We'll show here also the reuslt of using a small and large number of iterations.
In [7]:
iterations_few = 100
iterations_many = 5000
s = '{:<16} lik: {:.4f}, rmse: {:.4f}'
In [8]:
for iterations in [iterations_few, iterations_many]:
print('after {} iterations'.format(iterations))
for m, name in zip(models_single_layer, names_single_layer):
ScipyOptimizer().minimize(m, maxiter=iterations)
lik, rmse = batch_assess(m, assess_single_layer, Xs, Ys)

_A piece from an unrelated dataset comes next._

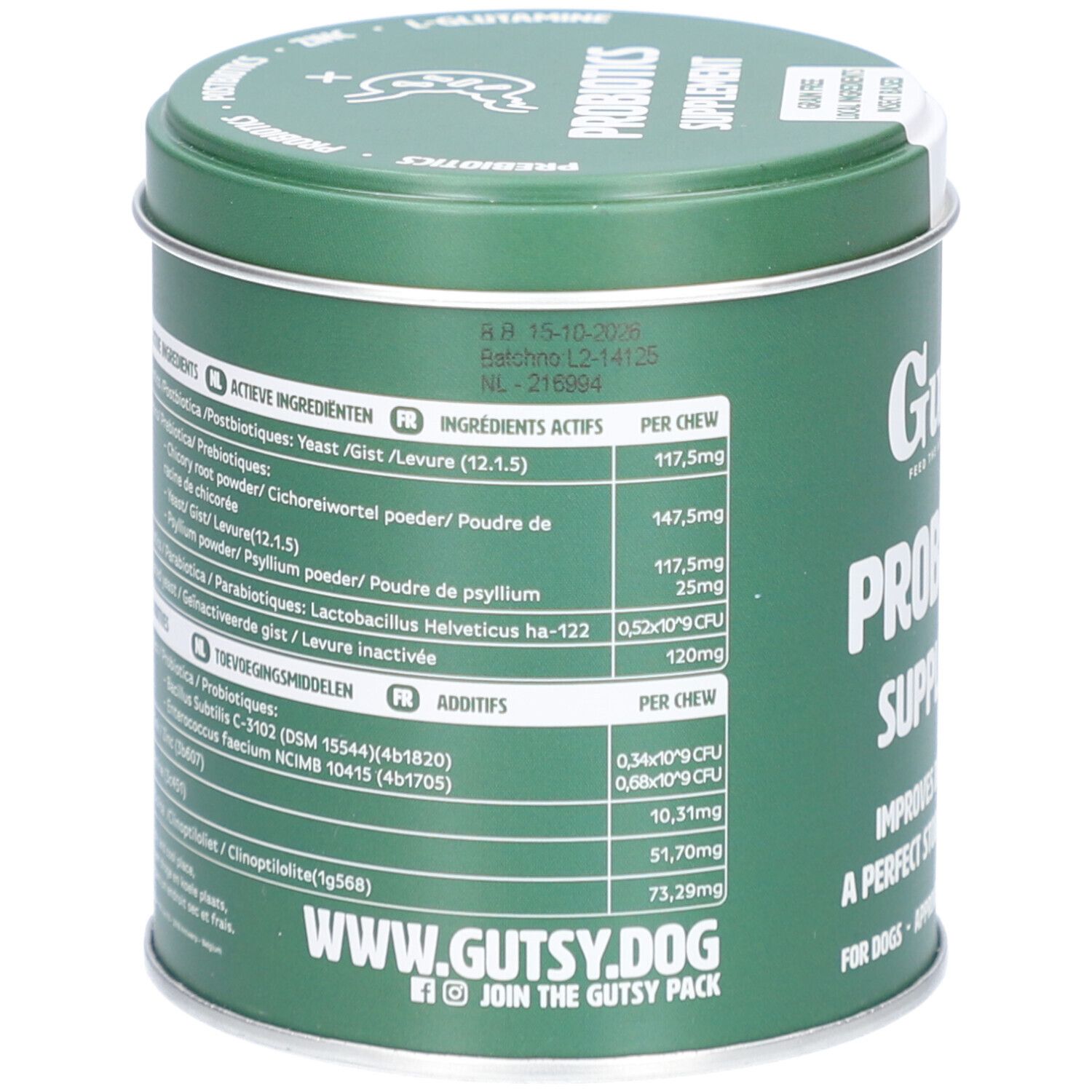 Grüne Dose mit Inhaltsstoffen. Enthält aktive Inhaltsstoffe und Zusatzstoffe. Website: www.gutsy.dog.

print(s.format(name, lik, rmse))
Now for the DGP models. First we use Adam for all parameters (as in the Doubly Stochastic VI for DGPs paper)
In [9]:
for iterations in [iterations_few, iterations_many]:
print('after {} iterations'.format(iterations))
for m, name in zip(models_dgp, names_dgp):
AdamOptimizer(0.01).minimize(m, maxiter=iterations)
lik, rmse = batch_assess(m, assess_sampled, Xs, Ys)
print(s.format(name, lik, rmse))
We can also use natural gradients for the final layer, which can help considerably.
In [10]:
for iterations in [iterations_few, iterations_many]:
print('after {} iterations'.format(iterations))
for m, name in zip(models_dgp, names_dgp):
ng_vars = [[m.layers[-1].q_mu, m.layers[-1].q_sqrt]]
for v in ng_vars[0]:
v.set_trainable(False)
ng_action = NatGradOptimizer(gamma=0.1).make_optimize_action(m, var_list=ng_vars)
adam_action = AdamOptimizer(0.01).make_optimize_action(m)
Loop([ng_action, adam_action], stop=iterations)()
lik, rmse = batch_assess(m, assess_sampled, Xs, Ys)
print(s.format(name, lik, rmse))
Note that even after 100 iterations we get a good result, which is not the case using ordinary gradients.